A secretarial order, signed on December 21, directs the US Geological Survey to identify critical minerals, create a comprehensive geological survey of the US, and ensure this data is made publicly available.

On December 19, the US Geological Survey released a separate report which highlighted 23 critical minerals, including lithium, graphite, cobalt, and rare earth elements.

These minerals were selected based on both potential risk to their supply, and that they were deemed important to a "broad range of existing and emerging technologies, renewable energy, and national security."

Republican congressman Rob Bishop, head of the house committee on natural resources, greeted the USGS report with praise.  "A country blessed with abundant mineral resources shouldn’t be mineral-dependent and vulnerable," he said.

"This is an economic and security threat that’s festered across administrations for too long."

Securing supplies for the defense sector

The move reflects political unease over US dependence on imported minerals, particularly for use in the defense sector.

"The United States must not remain reliant on foreign competitors like Russia and China for the critical minerals needed to keep our economy strong and our country safe," Trump said.
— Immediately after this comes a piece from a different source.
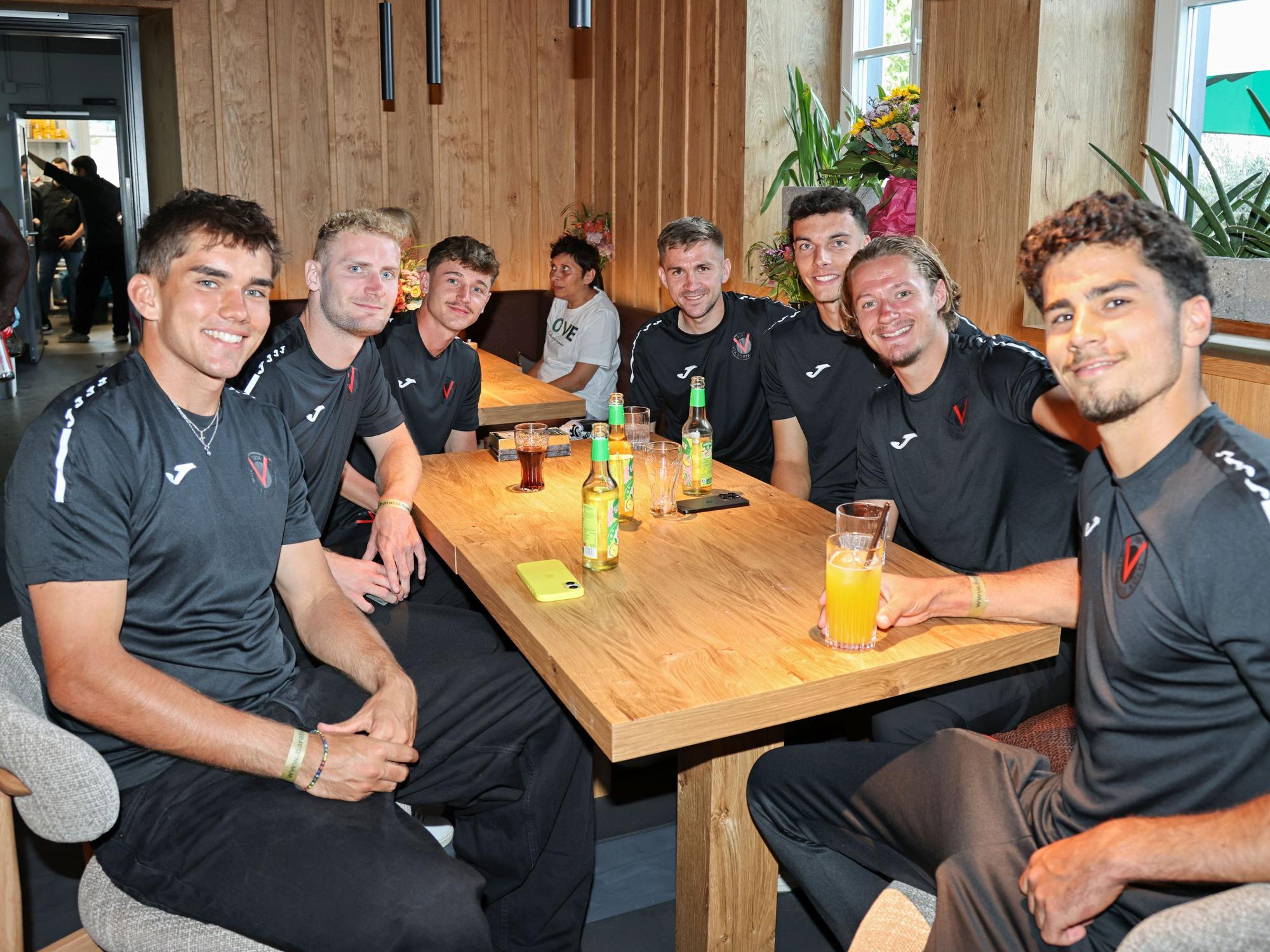 Die Mannschaft von Viktoria Köln im Baratie.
"As both a former military commander and geologist, I know the very real national security risk of relying on foreign nations for the military’s needs to keep our soldiers and our homeland safe," US Secretary of the Interior Ryan Zinke said.

Included on the list of critical minerals are the key components in electric batteries, lithium, cobalt, and graphite. None of these materials are produced in large quantities within the US.

China is by far the top graphite miner and exporter, and the top refiner of cobalt, which is mostly mined in the Democratic Republic of Congo.

China has also been ramping up its lithium mining and refining capacity rapidly, to meet growing demand from the battery sector.

The government initiative could be good news for graphite and lithium juniors, who are currently looking for production opportunities within the US.

"President Trump’s Executive Order could be a game-changer," Anthony Huston, chief executive officer of mining junior Graphite One, told Industrial Minerals. "With graphite on the new US Geological Survey’s list of critical minerals, and with the US 100% dependent on foreign-sourced graphite, we believe we will be at the front edge of any efforts by the US government to encourage critical mineral development".

Political concerns have been also been raised on the reliance of the US on Chinese rare earths.

The large majority of the world’s rare earths are produced in China, and they are used in a wide range of technical applications, including high-tech military equipment.

Trump’s executive order was hailed by Joe Manchin, Democratic senator for West Virginia, who has championed the recovery of rare earths from coal, introducing a bill to fund research into that technology in 2017.

Manchin said the bill was "a critical step toward re-establishing a US domestic supply for these products that will make our nation less vulnerable to potential supply disruptions."

Roadblocks ahead

But despite the government’s ambitions to increase domestic production of these minerals, the plan is not without its obstacles.

Exploitable domestic reserves of graphite, lithium, and cobalt are limited. And the US has historically had only one major rare earth oxide mine, Mountain Pass in California. The facility, which is currently mothballed due to low profitability, was bought by a Chinese-led consortium in July 2017, but has yet to be returned to production.

The mining industry has also long lobbied for permitting reform, to streamline the process of turning identified resources into productive mines.

The executive order states that it will be the policy of the government to tackle dependence on imported minerals by "streamlining leasing and permitting processes to expedite exploration, production, processing, reprocessing, recycling, and domestic refining of critical minerals".

Responsibility for reforming the mine permitting process lies with the legislature, with bills on this subject currently working their way through both Senate and Congress.